The rule in this state that contributory negligence is a defense to be pleaded and proven by the defendant does not change the rule that plaintiff cannot recover where the allegations of the complaint show that his own negligence was the proximate cause of the injury.
Contributory negligence may be a question of both law and fact or a question of law or of fact alone. Where it is a question of fact, it must be submitted to a jury and proven as a defense; but, where it appears on the face of the complaint, it becomes one of law and may be taken advantage of by demurrer. Goure v. Storey, 17 Idaho 352, 105 P. 794.
A general demurrer to a complaint should be sustained where it appears upon the face of the complaint that the plaintiffs or the plaintiffs' decedent was guilty of negligence proximately contributing to the injury. Smith v. Oregon Short Line Railroad Co., 47 Idaho 604, 277 P. 570; Goure v. Storey, 17 Idaho 352, 105 P. 794. A complaint in an action for injuries to an employee, which affirmatively shows contributory negligence or assumption of risk, is demurrable. Bresette v. E. B. & A. L. Stone Co., 162 Cal. 74, 121 P. 312.

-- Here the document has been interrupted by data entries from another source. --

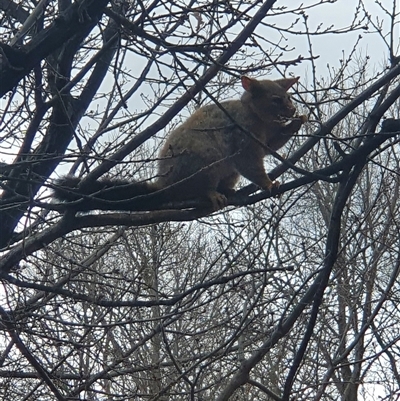 Trichosurus vulpecula at Canberra, ACT - Yesterday by Bubbles
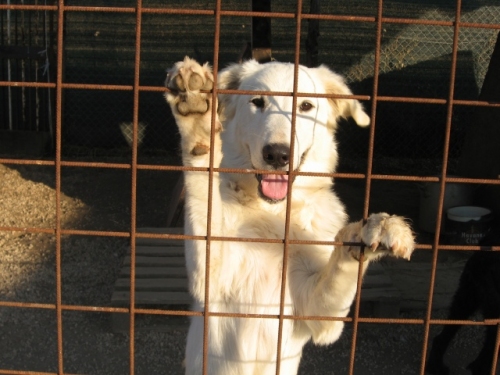 labradorina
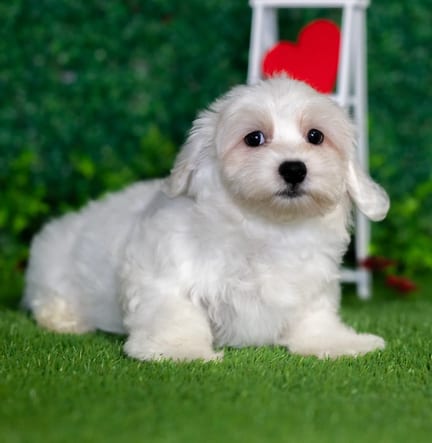 Cotonpoo puppy named Honey
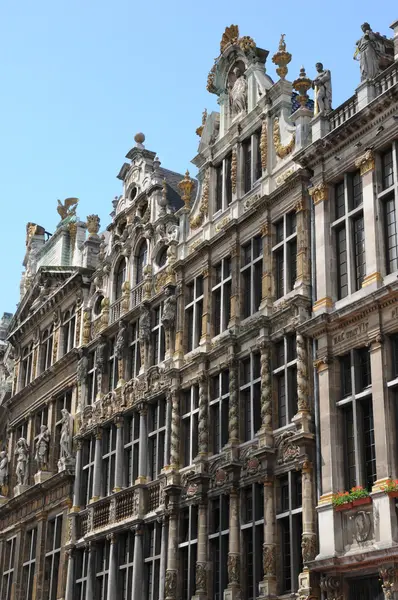 Бельгія, мальовничі Гран-Плас Брюсселя — стокове фото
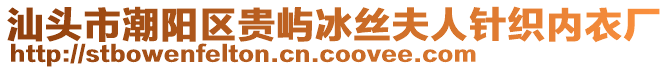 汕頭市潮陽區(qū)貴嶼冰絲夫人針織內(nèi)衣廠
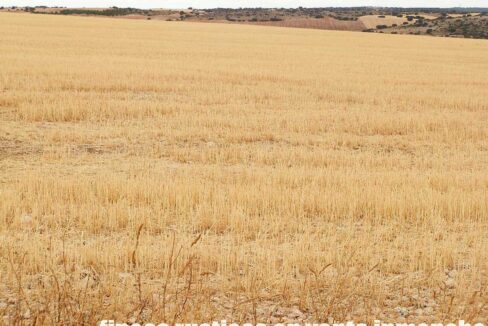 688_fincas-en-venta-71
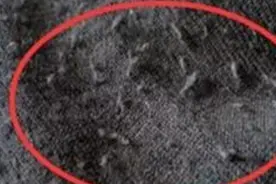 毛衣起球不用怕，教你自制去球神器，不花一分钱，轻松去干净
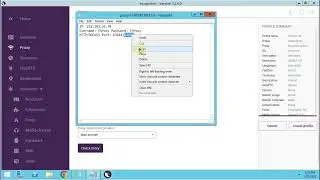 Incogniton Proxy Setup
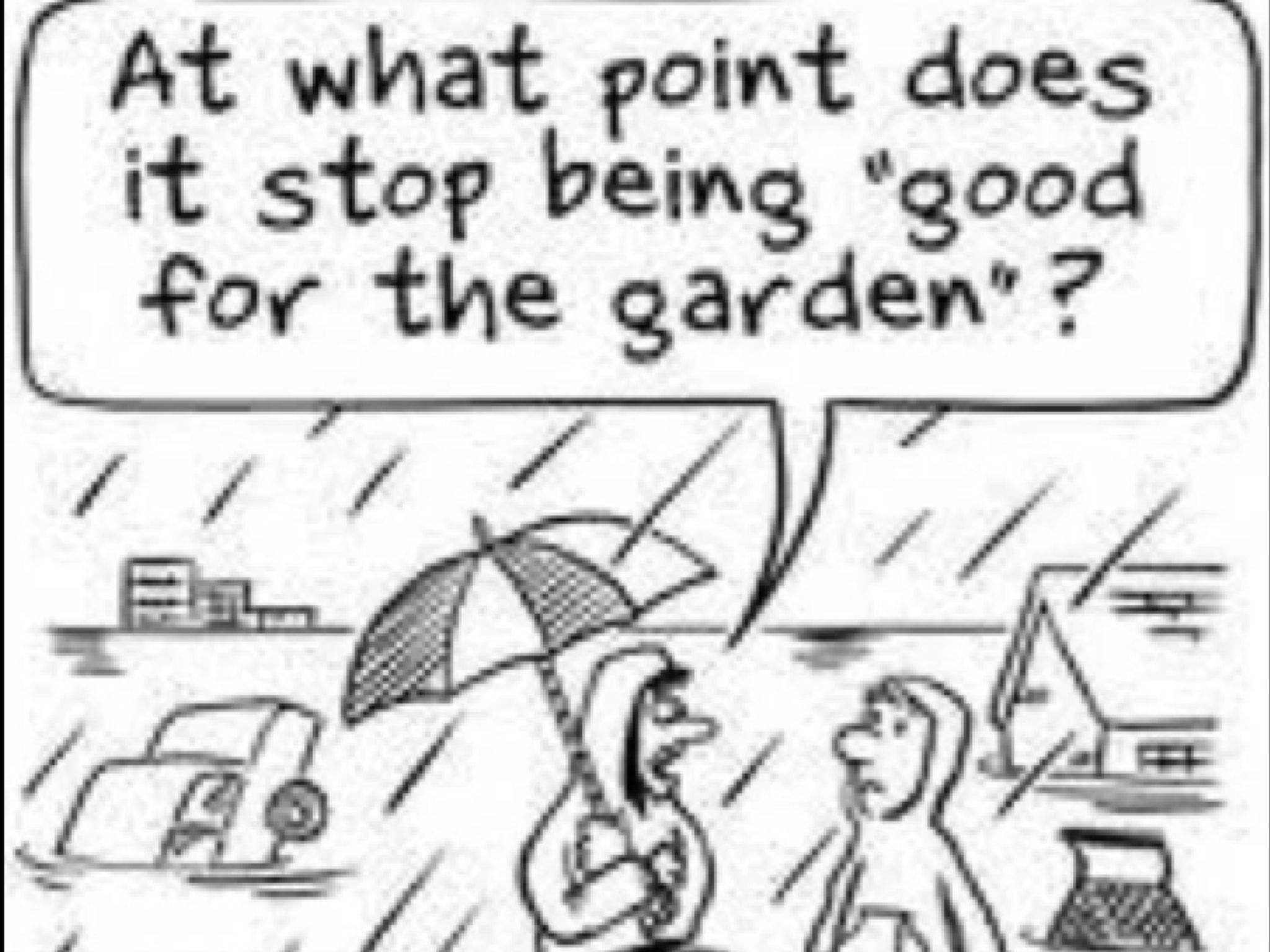 Its raining its pouring  Rain quotes Garden quotes Cute quotes
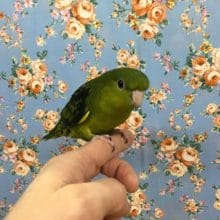手のりサザナミインコ（ノーマル）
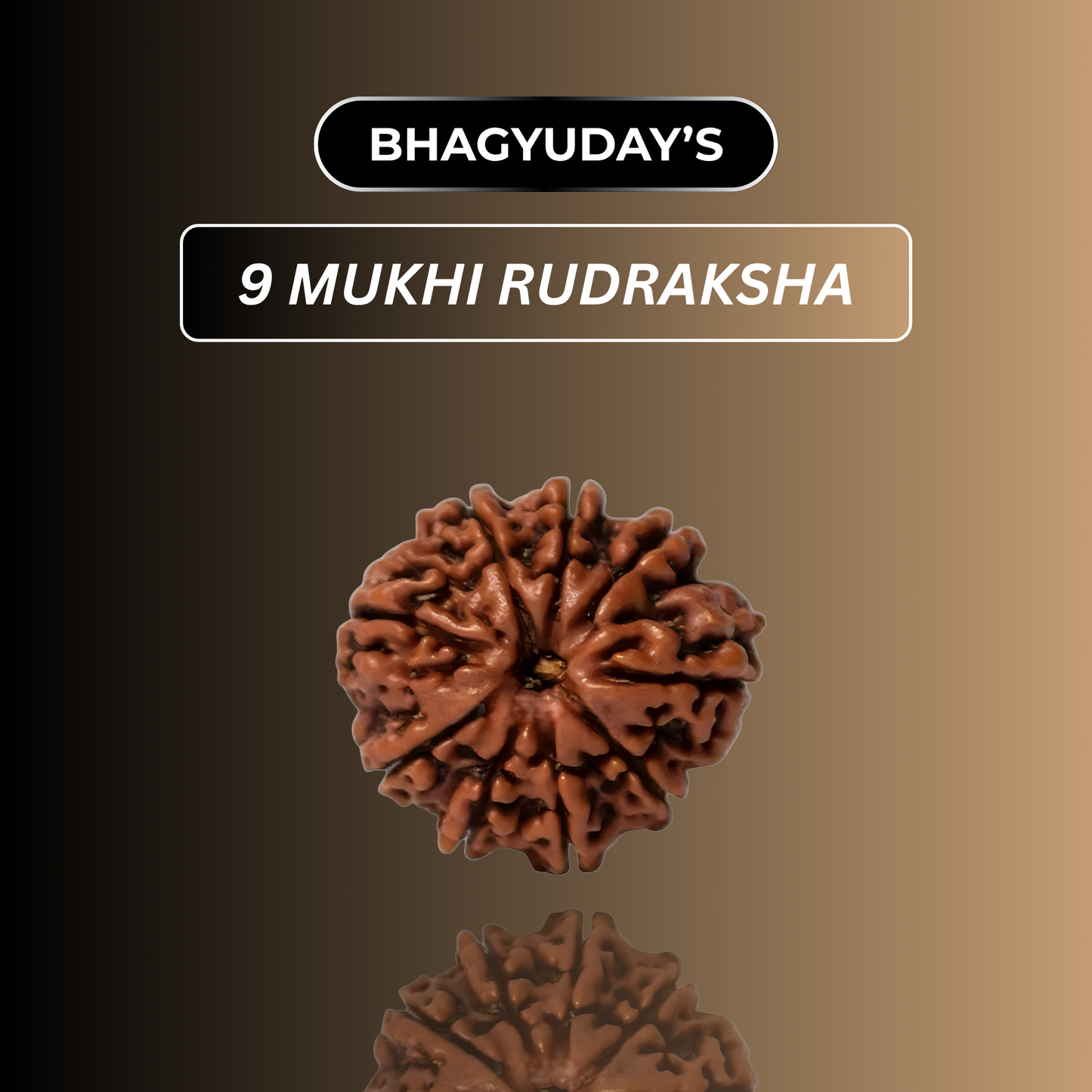 9 Mukhi Rudraksha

In Helgeson v. Powell, 54 Idaho 667, 677, 34 P.2d 957, 961, this court stated:
"`Under Lord Campbell's Act, the original model for all statutes giving a cause of action for so-called death by wrongful act, the act, neglect, or default must have been such as would have entitled the party injured to maintain an action therefor if death had not ensued. * * *
"`"They claim under him, and they can recover only in case he could have recovered damages had he not been killed, but only injured."'"
Except where the rule has been changed by statutory enactment the law fixes liability, so it is said, in solido with reference to the cause which stands closest to and in most immediate connection with the injurious result. 35 Am.Jur. 706, Sec. 284, Master and Servant.
The Wyoming court, in Lemos v. Madden, 28 Wyo. 1, 200 P. 791, at page 795, subtitle 9, in discussing remote and proximate causes concluded that "the true test is embodied in Eberhardt v. [Glasgow Mut.] Tel. Ass'n, 91 Kan. 763, 139 P. 416, where the court said:
"The question of proximate cause is one frequently so near the border line as to cause much perplexity, but, generally speaking, it may be said in this state that the proximate is the producing cause, not the one supplying the condition, but the one producing the injury. The one supplying the condition may be intrinsically careless as to amount practically to a continuing invitation, so to speak, for a direct cause to join in producing the disastrous result. But to be such it must present a condition of danger so manifest that the one responsible must be held to have been negligent in furnishing the means for probable injury. But a condition which could not reasonably be *483 expected to endanger, and which but for some independent cause without which the injury would not have occurred would not have endangered, does not ordinarily amount to a proximate cause.'"
In view of our conclusion that the complaint fails to allege facts sufficient to constitute a cause of action against the defendants, or either of them, we find it unnecessary to pass upon the court's ruling on the motion to strike.
Judgment of dismissal affirmed. Costs to respondent.
TAYLOR, C. J., and PORTER and SMITH, JJ., concur.
KEETON, J., concurs in conclusion reached.